Kansas, Kentucky ready for title rumble
NEW ORLEANS – Jayhawks or Wildcats, take your pick. Either can make a case for this being “their” year.
For Kansas, a season that started with low expectations keeps getting better, filled with high-wire comebacks and an inescapable feeling that this was simply meant to be.
For Kentucky, a cadre of NBA-caliber players have had the word “champion” practically imprinted on their chests since they gathered at Rupp Arena for the season’s first practice.
They meet Monday for the NCAA championship, a history-filled matchup between the two winningest programs in college basketball history. This is the one-and-dones at Kentucky vs. juniors and seniors at Kansas; Anthony Davis vs. Thomas Robinson in a front-court battle of All-Americans; a title-game coaching rematch between John Calipari and Bill Self; a high-stakes meeting between one team whose founder invented the game and another that likes to claim its legendary coach perfected it.

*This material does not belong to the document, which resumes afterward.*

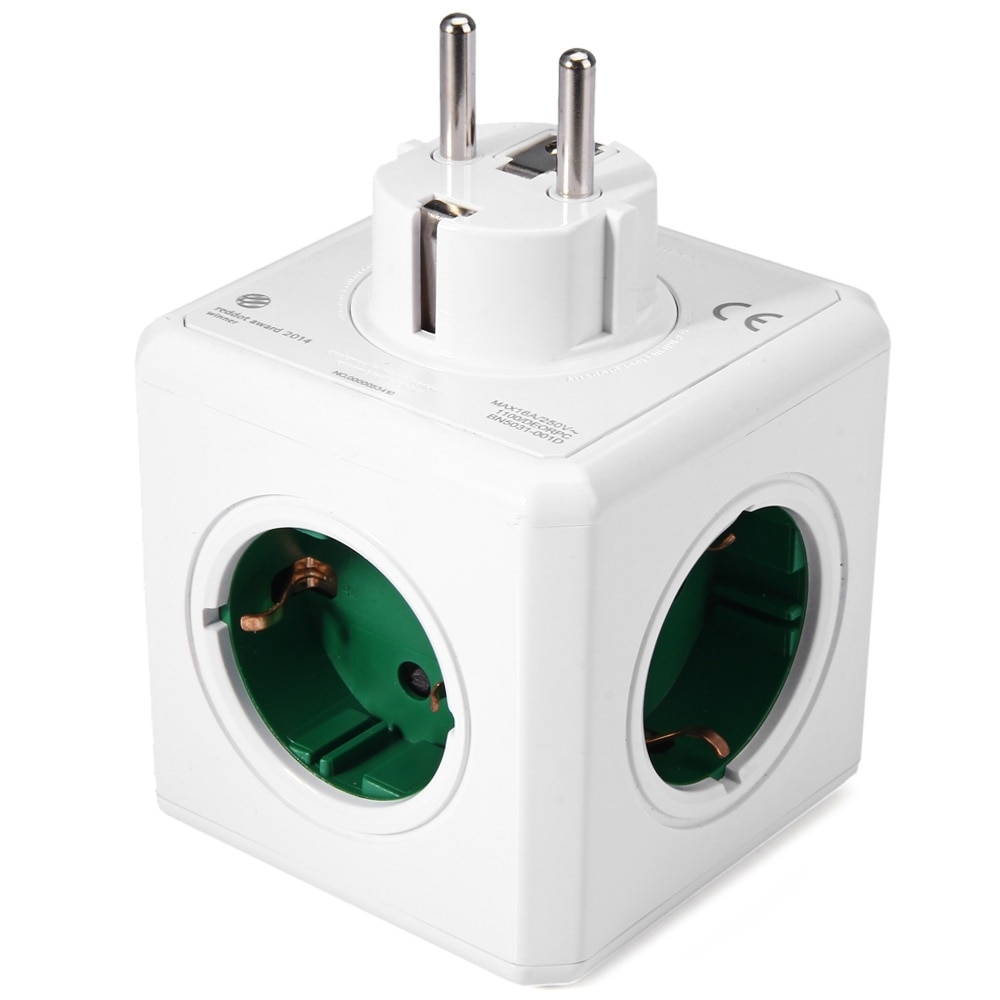Allocacoc PowerCube Socket - 5 Outlets - 16A 250V - Overload Protection - Green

Kentucky (37-2), in search of its eighth national title but its first since 1998, has five, maybe six, players who will be playing in the NBA soon. Most are freshmen and sophomores. None are better than Davis, the 6-foot-10 freshman who had 18 points, 14 rebounds and five blocks in Kentucky’s 69-61 win over Louisville in the semifinals.
“Anthony Davis is a great player, but he’s not Superman,” Self said, clearly ignoring the fact that, only moments earlier, Davis had been walking around the Superdome with his practice jersey slung across his shoulders like a cape.
The supporting cast isn’t too bad, either. Calipari finds himself working with the most talent – Davis and Michael Kidd-Gilchrist are likely lottery picks, while Terrence Jones, Marquis Teague and Doron Lamb are among the others with first-round potential.
That talent is the main reason why oddsmakers have Kentucky as a 6 1/2-point favorite to seal the deal this year in its third consecutive trip to the Elite Eight and second straight to the Final Four.
“Doesn’t bother us,” Kansas guard Tyshawn Taylor said. “They’ve got high expectations, and they had a great year so the expectations should be high. What we think, though, is that we match up with them well. We feel confident going into this game.”
And why not?
Though the talent level may not be as strong as Kentucky’s from top to bottom, the Jayhawks (32-6) get more reinforcement every game that anything is possible.
On Saturday, they overcame a 13-point deficit against Ohio State for their latest escape act. Before that in the tournament, they won close ones against Purdue, North Carolina State and North Carolina.
They were comeback kids in the regular season, as well – a season that began with low expectations for a roster that got hit hard by graduation and other departures, then fell to 7-3 after an ugly, unexpected home loss to Davidson.
“I was a little frustrated because I thought that we were underachieving, underperforming,” Self said. “I thought we were a stale team. I thought we were slow. I thought we didn’t play with great energy. I thought the things we had to do to be successful, we weren’t committing to doing them.”
But that all changed, in large part thanks to the development of Robinson, known for his first two years in college as a role player with NBA skills. He was allowed to blossom when he got regular playing time this season and is averaging 17.7 points and 11.7 rebounds a game. He was the only unanimous AP All-American and was in the conversation, along with Davis, in most of the player-of-the-year voting.
“We know how good Thomas Robinson is,” Calipari said. “We all up here know. We went against him in New York. He is as good as they get. He’s a vicious competitor, great around a rim, expanded his game.”
These teams met in November at Madison Square Garden, a 75-65 Kentucky victory in the second game of the season. There wasn’t much conversation about that one Sunday; come Monday night, it will be but a minor footnote in the history of a pair of tradition-rich basketball bluebloods.
“I dreamed about it as soon as I saw the brackets,” Self said. “I did look. I said, ‘How cool would it be to play Kentucky in the finals?’ You guys know better than me, but when do you have the two winningest programs in the history of ball playing each other? I don’t know when. From a historic standpoint, I think that’s really cool.”